Category Archives: drawing

Making + Listening::14/2014

Lots of photos to share this week, some of which are better than others in terms of quality. First up, my daughter’s embroidery from a few weeks ago, that I have neglected to share. She drew on the felt with the nifty disappearing-ink fabric marker and then embroidered over her lines. (We just don’t go in for embroidering other people’s patterns here!)

5yo's embroidery at amyhoodarts.com

Drawing and embroidery by G, age 5.

This is a fairy–the semi-circles on the sides are wings. I love this–she has preserved her own drawing in fabric and floss!! (I helped with the eyes–I did the French knots. But she did the rest herself.) This was completely her idea. I think of all those Pinterest-type projects that have adults transferring kids’ drawings to fabric to embroider or turn into pillows and I look at my daughter’s self-created, self-directed activity with her own drawing that she then embroidered herself, and it’s just perfection. So much better than if I had embroidered it. Her small capable hands did this.

Those wonderful hands of hers also learned how to use the knitting tower this week.

using the knitting tower at amyhoodarts.com

Blurry cell-phone picture of G using the knitting tower.

We’ve had this for years and years and neither boy was ever much interested, but, much like her mama, G likes to make things with her hands, and she took to this right away. While she was sitting there finger knitting, I was working on a knotted, beaded ankle bracelet.

knotted anklet in progress at amyhoodarts.com

Another blurry cell phone picture, of my knotted anklet in progress.

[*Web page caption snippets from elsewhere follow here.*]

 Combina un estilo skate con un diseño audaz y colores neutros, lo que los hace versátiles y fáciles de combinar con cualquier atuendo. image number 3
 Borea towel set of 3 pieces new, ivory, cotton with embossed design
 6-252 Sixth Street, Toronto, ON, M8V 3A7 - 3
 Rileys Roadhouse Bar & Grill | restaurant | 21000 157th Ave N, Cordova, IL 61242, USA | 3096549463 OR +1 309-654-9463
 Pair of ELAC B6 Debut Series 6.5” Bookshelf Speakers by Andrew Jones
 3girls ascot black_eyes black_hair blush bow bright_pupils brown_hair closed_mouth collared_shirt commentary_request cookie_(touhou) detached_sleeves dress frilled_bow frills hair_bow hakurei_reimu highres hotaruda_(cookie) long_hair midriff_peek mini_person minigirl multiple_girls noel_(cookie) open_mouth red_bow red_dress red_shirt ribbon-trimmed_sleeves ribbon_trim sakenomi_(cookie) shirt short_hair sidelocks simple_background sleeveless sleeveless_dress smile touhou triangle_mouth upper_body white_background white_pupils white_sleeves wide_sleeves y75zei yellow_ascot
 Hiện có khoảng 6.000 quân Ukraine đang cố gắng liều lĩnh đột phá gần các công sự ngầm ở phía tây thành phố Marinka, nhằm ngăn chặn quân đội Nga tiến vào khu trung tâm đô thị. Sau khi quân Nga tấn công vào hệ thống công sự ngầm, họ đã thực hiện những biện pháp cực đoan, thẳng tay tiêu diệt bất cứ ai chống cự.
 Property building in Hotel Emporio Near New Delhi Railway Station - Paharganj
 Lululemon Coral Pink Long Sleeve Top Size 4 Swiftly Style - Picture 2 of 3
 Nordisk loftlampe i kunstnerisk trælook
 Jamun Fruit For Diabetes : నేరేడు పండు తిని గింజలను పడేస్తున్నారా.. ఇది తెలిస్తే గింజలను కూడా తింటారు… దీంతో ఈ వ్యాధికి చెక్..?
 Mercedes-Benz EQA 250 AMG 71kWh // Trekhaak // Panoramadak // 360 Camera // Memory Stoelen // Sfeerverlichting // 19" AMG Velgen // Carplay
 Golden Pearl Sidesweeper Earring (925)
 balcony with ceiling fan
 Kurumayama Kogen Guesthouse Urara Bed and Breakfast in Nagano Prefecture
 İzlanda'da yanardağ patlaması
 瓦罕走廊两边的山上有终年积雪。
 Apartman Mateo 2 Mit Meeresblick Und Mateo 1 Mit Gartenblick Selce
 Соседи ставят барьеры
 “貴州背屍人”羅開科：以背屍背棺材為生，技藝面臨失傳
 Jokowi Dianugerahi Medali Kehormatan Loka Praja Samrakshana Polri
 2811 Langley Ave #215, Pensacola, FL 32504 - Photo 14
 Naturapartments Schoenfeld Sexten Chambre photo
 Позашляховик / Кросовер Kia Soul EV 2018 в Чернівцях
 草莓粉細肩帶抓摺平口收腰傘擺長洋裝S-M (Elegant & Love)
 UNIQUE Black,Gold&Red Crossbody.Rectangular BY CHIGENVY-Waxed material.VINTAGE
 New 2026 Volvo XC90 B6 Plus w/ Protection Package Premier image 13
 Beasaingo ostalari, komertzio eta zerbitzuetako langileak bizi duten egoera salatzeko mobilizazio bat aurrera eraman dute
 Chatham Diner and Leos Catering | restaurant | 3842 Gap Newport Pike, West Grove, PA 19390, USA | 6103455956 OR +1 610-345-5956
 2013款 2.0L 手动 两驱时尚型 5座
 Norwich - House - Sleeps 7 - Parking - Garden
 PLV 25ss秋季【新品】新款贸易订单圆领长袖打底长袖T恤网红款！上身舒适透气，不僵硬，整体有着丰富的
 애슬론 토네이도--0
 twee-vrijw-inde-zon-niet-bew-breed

This started with making a beachy bracelet out of string while we were at the beach one day, using directions from the book Summer Crafts by Marjorie Galen (a used bookstore find several years ago, and I love it; it also inspired our hot rocks).

Beachy knotted bracelet at amyhoodarts.com

Beachy bracelet.

After making that one, I made a few more (just to keep my hands busy), and then I wondered if I could add beads. I have a necklace purchased a while ago that looks very similar to this simple knotting, but with beads. So I bought some thin hemp string and got to work. This is the finished anklet (and I’m out of body lotion for my legs, as I’m sure you can tell by this close-up photo).

knotted beaded anklet at amyhoodarts.com

I LOVE THIS ANKLET.

We’re not done yet! I also finished a baby sweater and hat this week. It’s for one of my husband’s co-workers. Gah it’s so cute!!

baby sweater + hat at amyhoodarts.com

The details are on Ravelry. I hardly knit at all these days unless I’m making something as a gift. It was nice to pick up the needles again–this little sweater worked up fast, too. I began it on the second day of the Tour de France, and they’re not done cycling yet.

Finally, yesterday I added “draw and paint sunflowers” on my to-do list. Do you do that–add on the fun things to your list, to give the same importance as the chores? I do. I cleaned the bathrooms yesterday as well, but I made sure drawing and painting was also a priority. My daughter sat next to me and we both quietly looked, drew, and painted for quite some time. Here’s my finished page.

Sunflower sketchbook page at amyhoodarts.com

As for listening, I got to hear the most amazing (and at times inane) conversations Tuesday as we sat in traffic on 95. We visited the deCordova Sculpture Park and Museum, and instead of 90 minutes each way it was at least two hours. That’s a lot of car time! (Thanks, Massachusetts, for the construction.) My boys finished the books they’d brought well before we got anywhere near home, so they began discussing who they’d pick for a multi-universe superhero all-star team (that’s what it sounded like, anyway–both DC and Marvel characters, who would your top 20 be and why?). After a while they exhausted that topic and moved onto discussing which body part they’d willingly give up if necessary. (My practical 12yo said appendix. Mine’s already been removed and I don’t miss it at all.) That conversation quickly veered into the surreal. Four hours of driving with three kids. The things you overhear.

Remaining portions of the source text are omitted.